Cependant, dans la plupart des entreprises de presse, beaucoup de journalistes travaillent sans contrat ni Sécurité sociale. Leur rémunération est dérisoire et dépasse rarement ou de peu la somme de 100 euros par mois, sauf pour le cas des fonctionnaires ou, dans une certaine mesure, celui des journalistes évoluant aux Dépêches de Brazzaville. Dans son rapport sur l'état de la presse en 2005, l'Observatoire congolais des médias (OCM) indique que « si les agents des radios, des télévisions, périodiques d'État perçoivent des salaires régulièrement, leurs collègues du secteur privé se contentent de faibles rémunérations pour survivre. Aucune structure ne s'est jusqu'ici préoccupée du sort des agents des médias privés ».87(*) Ainsi, l'inapplication de la Convention collective cadre des journalistes dans l'espace CEEAC dans les entreprises de presse débouche sur un traitement des journalistes au cas par cas. Dans ces conditions, toutes les prestations que l'employeur sert au travailleur sont perçues comme des faveurs puisqu'il n'existe pas de contrat de travail dûment signé entre les deux parties. Or, « si la convention collective prévoit que le salaire minimum des journalistes est de 100.000F, l'employeur, lié par cette convention collective ne peut opposer au journaliste une loi prévoyant un salaire minimum plus bas, ni amener un journaliste à accepter un salaire plus bas. S'il essaie de le faire dans le cadre d'un contrat individuel de travail, les stipulations du contrat doivent être écartées au profit de la convention collective qui sert ainsi de statut minimum »88(*). Puisque les journalistes se font payer des per diem ou le déplacement par une personne intéressée par leurs services, la conséquence c'est que sur 100, « 70 % des journalistes congolais sont des propagandistes, et 20 % des griots »89(*) qui manquent de rigueur dans leur travail de rédaction. C'est donc à juste titre que l'OMC souligne que l'application de la « convention collective permettra de créer la fonction journalistique qui n'existe, au Congo, qu'au niveau de la Fonction publique ». Et de notre point de vue, le statut des journalistes semble être utilisé pour museler la presse.
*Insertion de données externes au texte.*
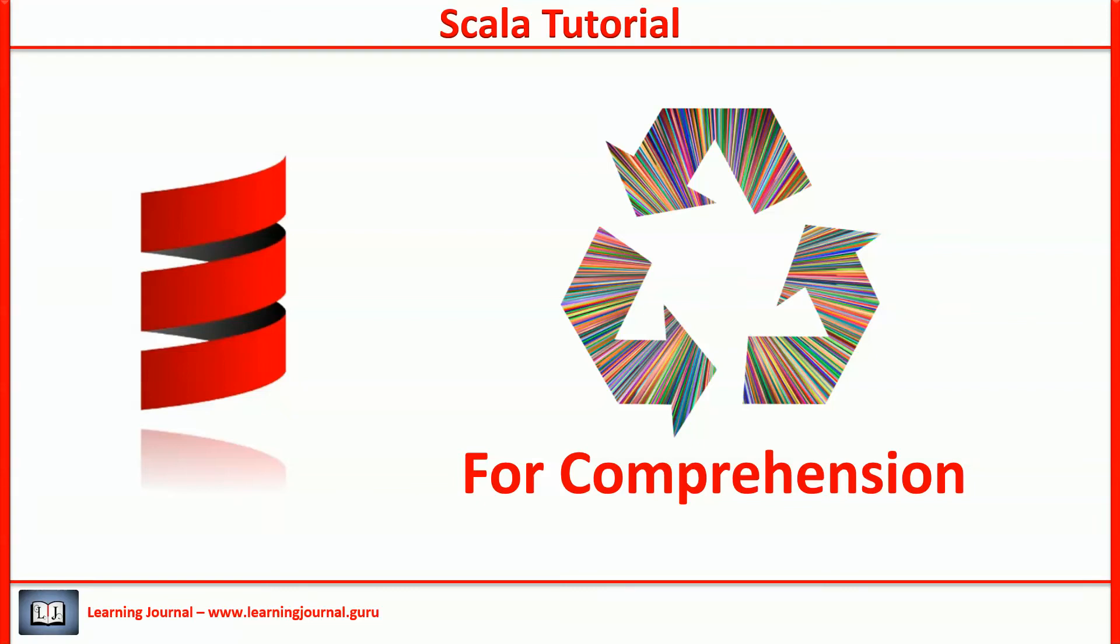Welcome back. We were discussing Scala control structures. The last item among the control abstraction is the FOR expression.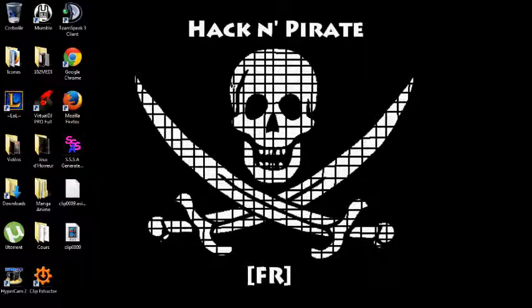Salut à toutes et à tous, c'est Atlas et aujourd'hui on se retrouve pour la cinquième vidéo de Hack&Pirate FR. Alors je vous ai jusque là montré comment vous protéger pendant vos recherches ou éviter que les sites récupèrent vos informations. Mais je ne vous ai jamais vraiment parlé de hack, de piratage et c'est de ça qu'on va parler aujourd'hui.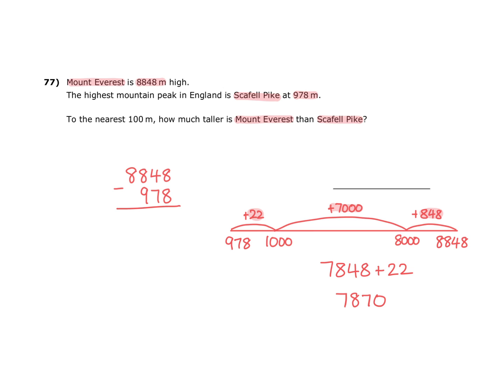And we're asked to give that to the nearest 100 metres. So we now need to give a multiple of 100. This of course will either be 800 or 900. Because this value is a 7, we should round up to 900, not down to 800.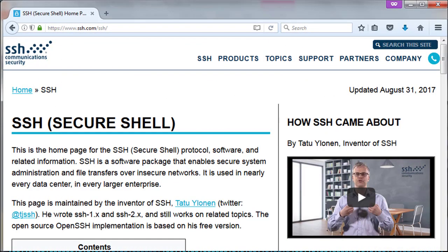SSH — Secure Shell. This is where the story began. SSH is a software package that enables secure system administration and file transfers over insecure networks. It is used in nearly every data center and in every larger enterprise. This page is maintained by the inventor of SSH, Tatu Ylönen. He wrote SSH 1.x and SSH 2.x and still works on related topics. The open source OpenSSH implementation is based on his free version.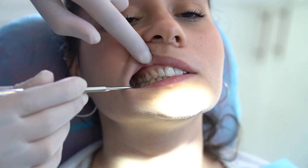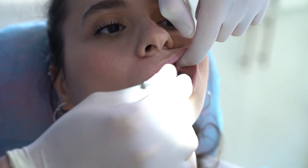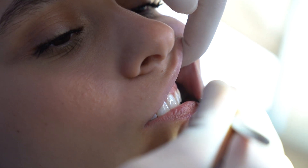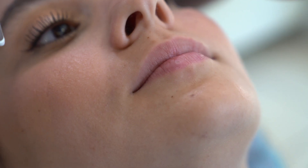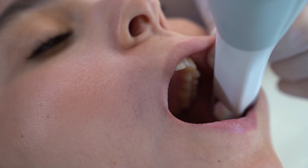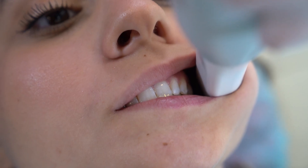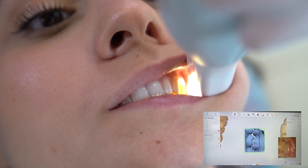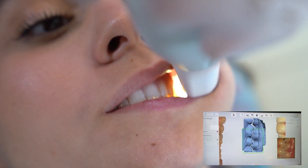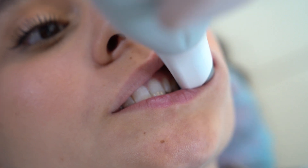When both upper and lower scans are captured and inspected, it's time for capturing the bite. The correct bite should be inspected before starting the scan. Ask the patient to open wide, insert the scanner tip against the buccal cheeks facing the teeth perpendicularly, then ask the patient to bite and start the scan capturing three to four teeth in centric occlusion. Do the same for the opposite side.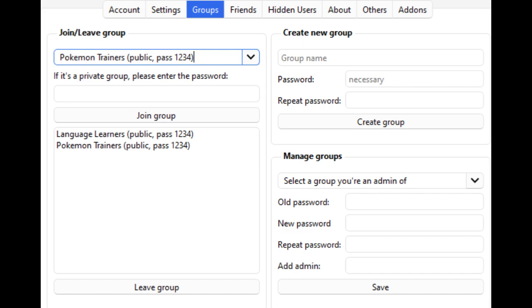By default, there are public groups for medicine, language, and Pokemon. If you want to delete the group, please contact me. If you do not set a password, an error will occur.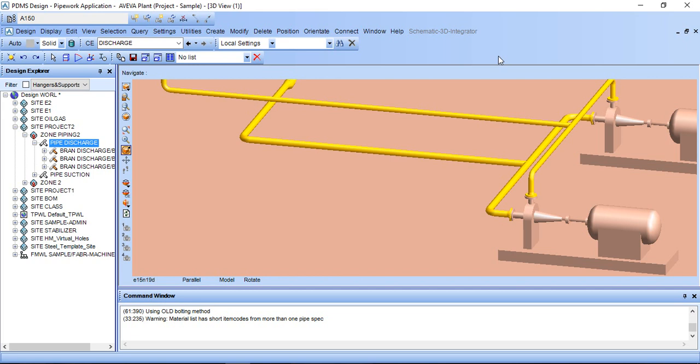Hi, you are watching PDMS tutorial. In this lesson we will learn how to turn off multiple components in MTO by listing method.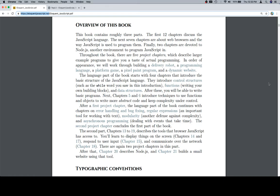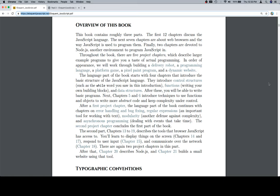Next, chapters five and six introduce techniques to use functions and objects to write more abstract code and keep complexity under control. After a first project chapter, the language part of the book continues with chapters on error handling and bug fixing, regular expressions, an important tool for working with text, modularity, another defense against complexity, and asynchronous programming, dealing with events that take time. The second project chapter concludes the first part of the book.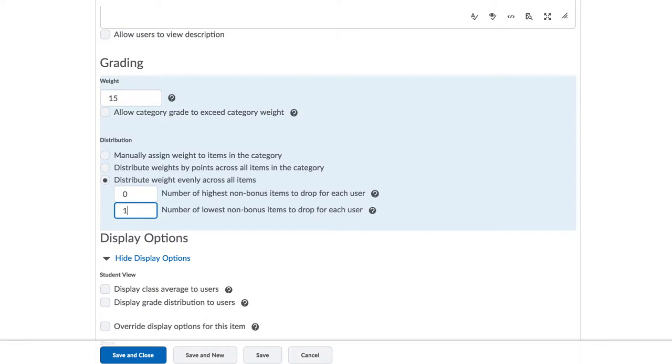In this situation, you select Distribute Weight evenly across all items and then enter 1 for the number of lowest non-bonus items to drop for each user. You can always click on the question mark if you need more information on that topic. Click on Save and Close.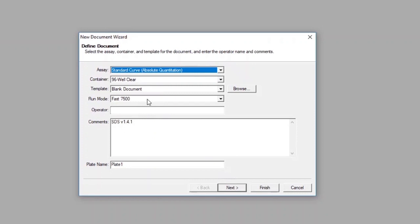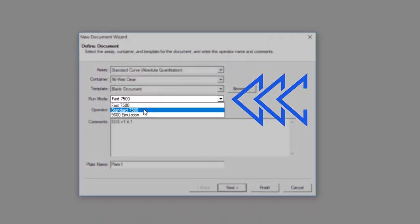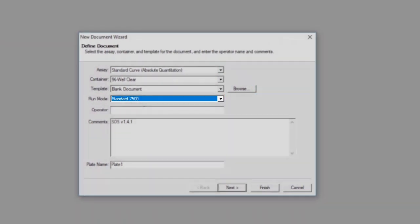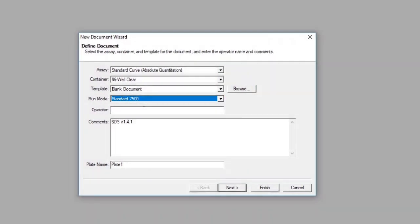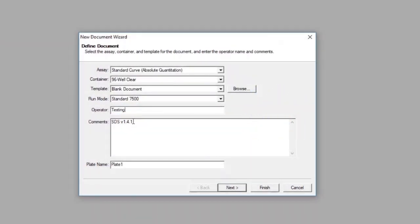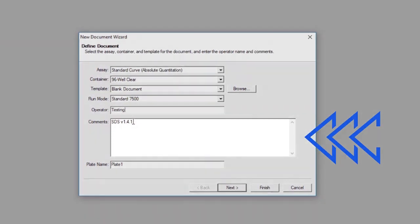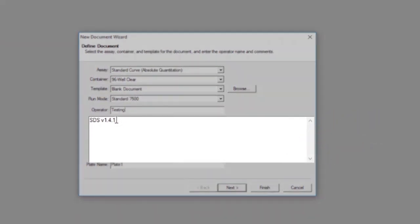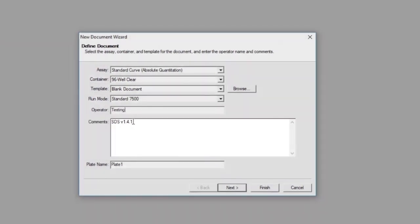For the Run Mode setting, be sure to update it to Standard 7500. The Operator box should contain your name or user ID. The Comments section should contain the version of the software being run — for example, today we're running SDS version 1.4.1.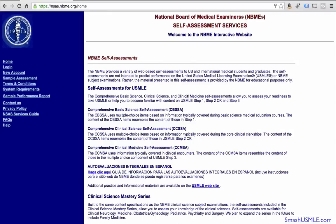This video tutorial will explain how you can sign up for the NBME self-assessment test prior to taking your USMLE exam.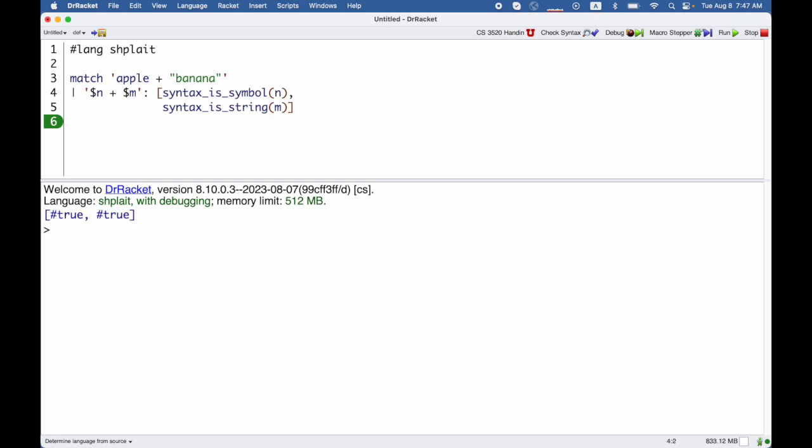So this doesn't quite explain how we're going to use syntax objects yet as we write interpreters, but hopefully it gives you some idea that it's about representing pieces of a program that are not necessarily splate programs that we get to decide how to pull apart and interpret in the end. And so we need to be able to convert between these syntax objects, numbers, symbols, strings, and so on.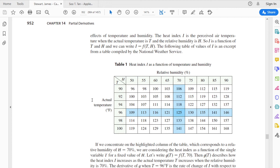For example, if I hold the temperature constant — let's say I'm looking at a temperature of 96 degrees — then what I have is the heat index with respect to the relative humidity for a fixed temperature. So I can look at the rate of change of the heat index when the temperature is 96 degrees. The whole idea is that we're fixing one variable and taking the derivative with respect to the other variables.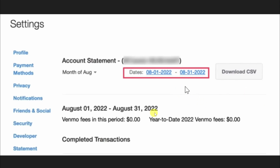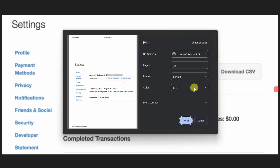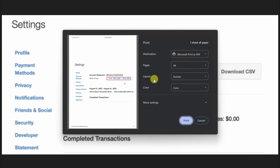If you want to download your statements as a PDF, simply press Ctrl+P on your keyboard. This will open a print dialog box. From here, select the Microsoft PDF option, then adjust the pages, layout, and color settings as needed.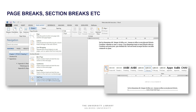There is a small paragraph sign that you can turn on in Word that allows you to see whether there is a page break, a section break, or whatever kind of formatting is applied to your text.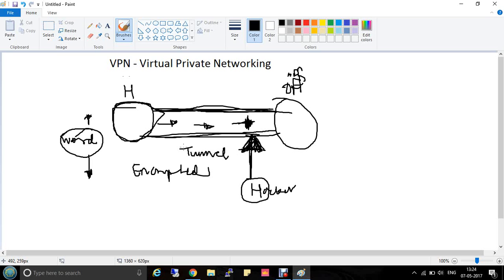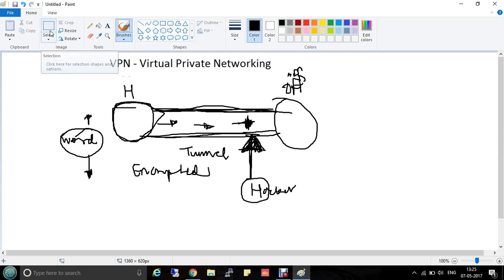There are several protocols that do the encryption — we will discuss those in the next videos. To summarize: VPN is a client-server architecture where one point acts as a VPN server. After connecting to VPN, a tunnel gets created between both endpoints, and through this tunnel encrypted data is transferred, which maintains the security and privacy.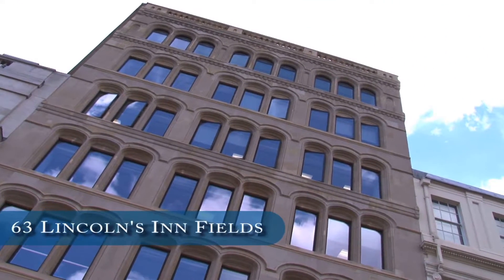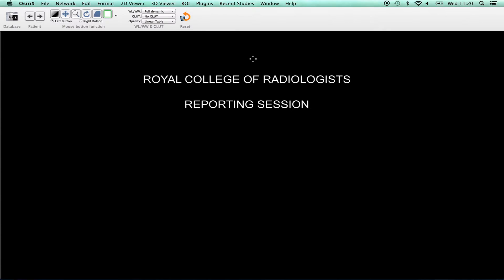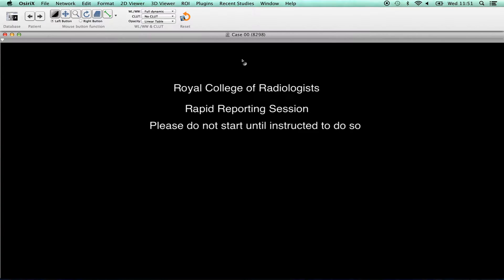Welcome to the Royal College of Radiologists Final FRCR Part B Reporting and Rapid Reporting Component. This video is designed for candidates to demonstrate how to select, view, manipulate and move through examination cases, although it may also be useful for trainers. The two different elements of the exam are run back to back and this instructional video includes guidance on both.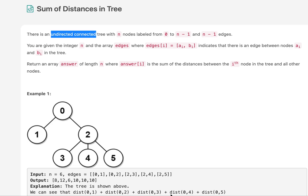Hello everyone, welcome to day 4 of the September LeetCode challenge. Today's question is 'Sum of Distances in Tree.' I'll be explaining the question as well as the solution using the presentation I have created, so let's get started.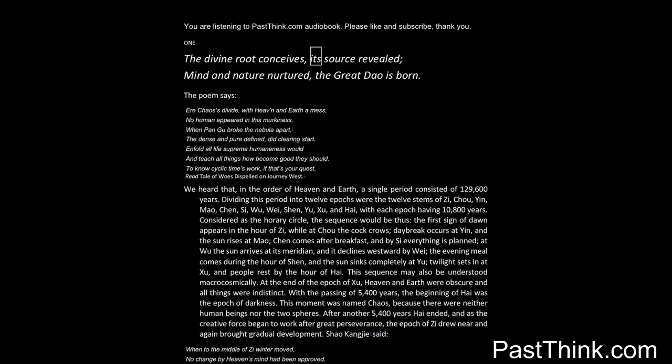The divine root conceives, its source revealed. Mind and nature nurtured, the great Tao is born.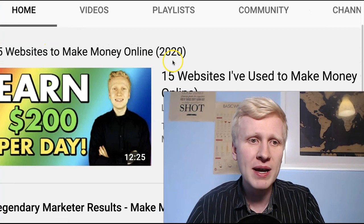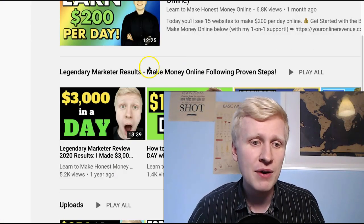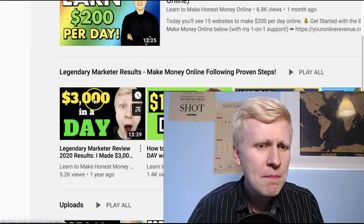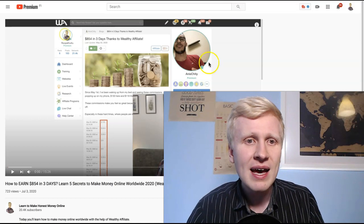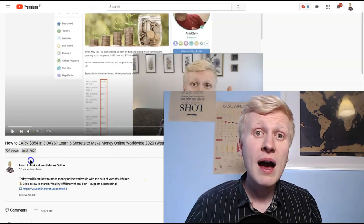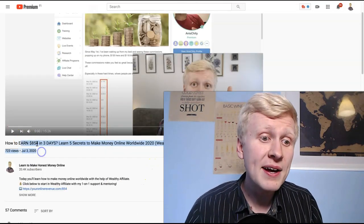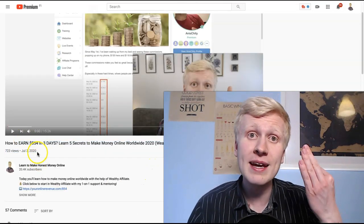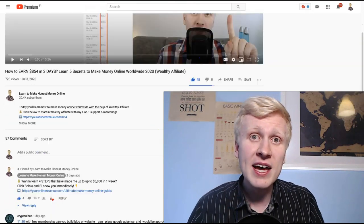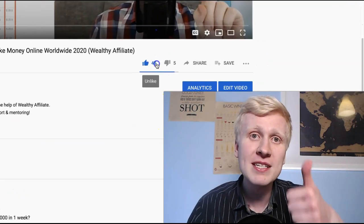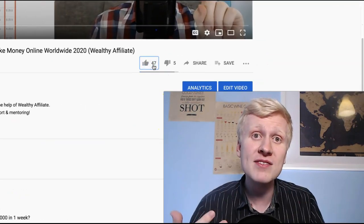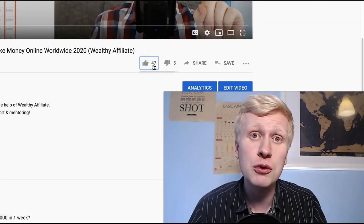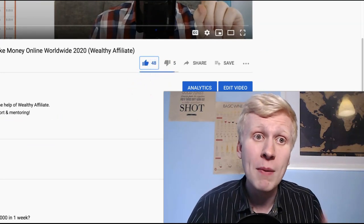Here are 15 websites to make money online that I have used myself, how I made $3,000 in one day, and in my recent video was like how to earn $854 in three days. And if you enjoy my video, remember to smash up likes and share this with your friends, so they can also start making money from home.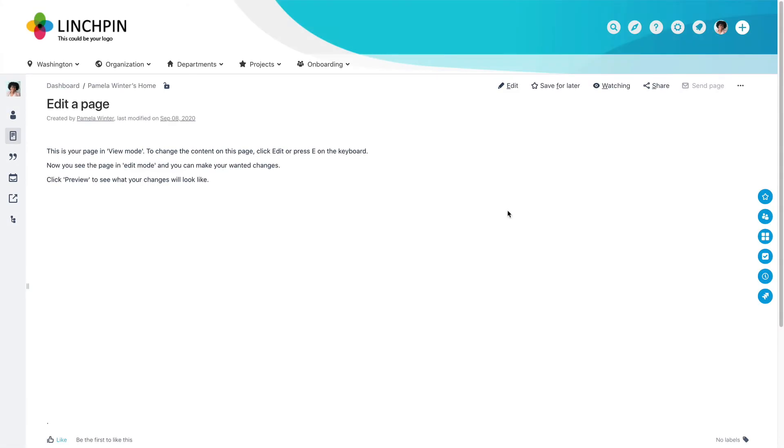You can copy a page or blog post to the same or another space. You'll need the Add Pages permission for this.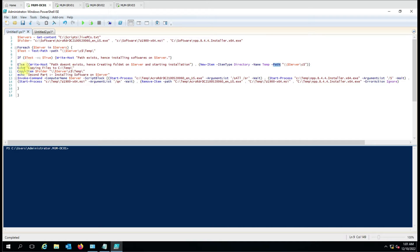We also have a custom message: 'Copying file to the C drive temp folder.' The actual command that copies the file is Copy-Item, using the folder variable which references the three files, and it copies those three files to the remote computer's C dollar temp folder.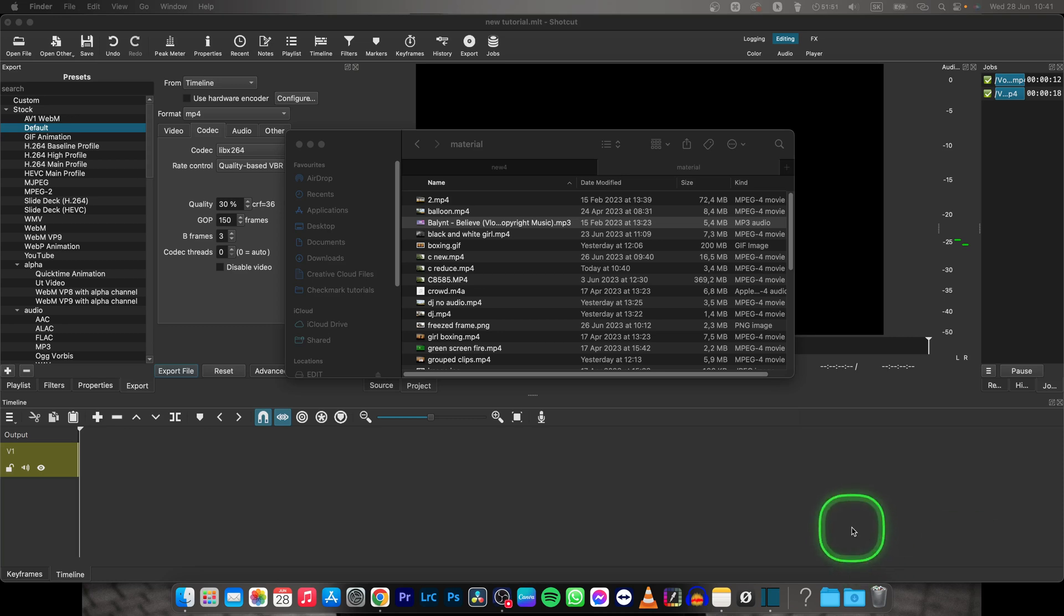Hey guys, my name is Elijah and in this tutorial I will show you how to reduce volume in Shotcut.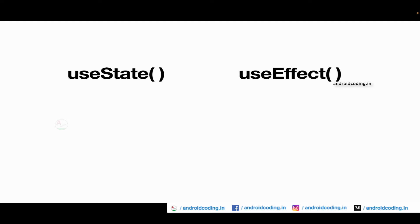With the help of this particular useEffect we need not dispose the timer after use. It will handle the initialization and dispose phase. This useEffect will accept a function as a parameter and also returns a function. So this is synchronously called on every build unless keys are specified.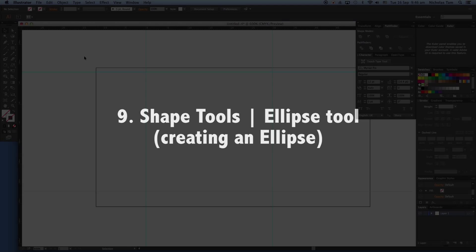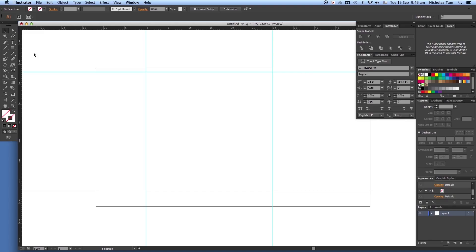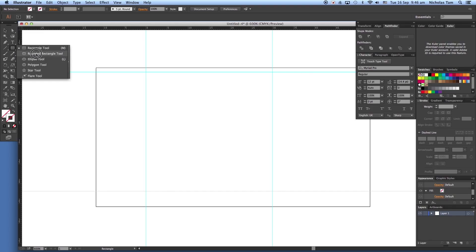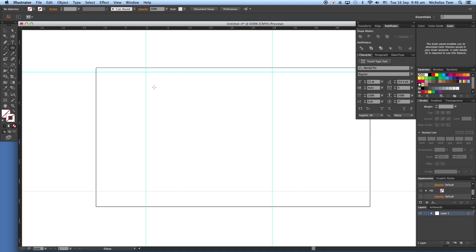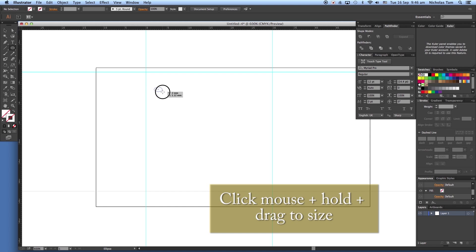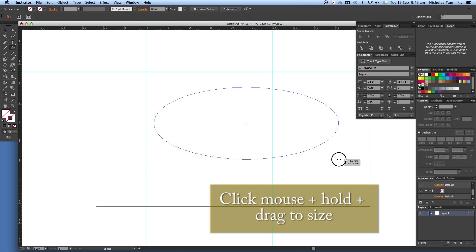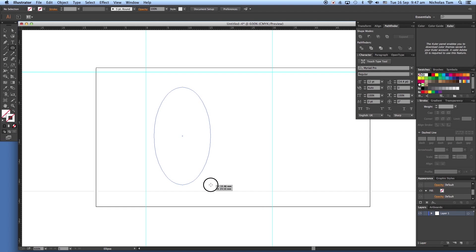Creating an ellipse using shape tools. From the large toolbar as shown, select ellipse. Click and drag the mouse across to form an ellipse shape. By pressing and holding the left mouse button, you are able to create any ellipse shape you want.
Justification d'une convention collective appliquée à tous

Dans le document intitulé La convention collective cadre des journalistes dans l'espace CEEAC, la convention collective est définie comme « un accord ayant pour objet de régler les rapports professionnels entre les employeurs et les travailleurs soit d'une entreprise ou d'un groupe d'entreprises, soit d'une ou plusieurs branches d'activité » (P.73). Cette définition calquée sur les dispositions de l'OHADA en matière de droit du travail (Articles 177 et 181 de l'Avant-projet d' Acte uniforme OHADA portant droit du travail) vise sans doute à ne léser ni le travailleur, ni l'employeur dans un contrat de travail. Mais pour le juriste camerounais Jean Marie Tchakoua, l'intérêt de la convention collective pour les journalistes tient dans la particularité du métier du journalisme. Ce qui l'a conduit à évoquer le fait que « les recettes séculaires sur la répartition du temps de travail ne conviennent pas forcément à l'exercice de la profession de journaliste ».90(*) Il explique que malgré les dispositions des Codes du travail qui fixent les limites ou le nombre d'heures de travail et établit la nécessité de temps de repos (Articles 226 et 253 de l'Avant-projet d' Acte uniforme OHADA portant droit du travail), le travail du journaliste ne se plie pas à un découpage comme dans une entreprise de textile si bien que le journaliste ne peut bénéficier du même rapport au temps que les autres travailleurs parce que l'emploi du temps de travail des journalistes n'est pas facile à gérer. Aussi pose-t-il une question toute simple : « le journaliste peut-il interrompre un reportage parce qu'il doit prendre sa pause de la mi-journée voire son repos hebdomadaire à partir de 17 heures ? ».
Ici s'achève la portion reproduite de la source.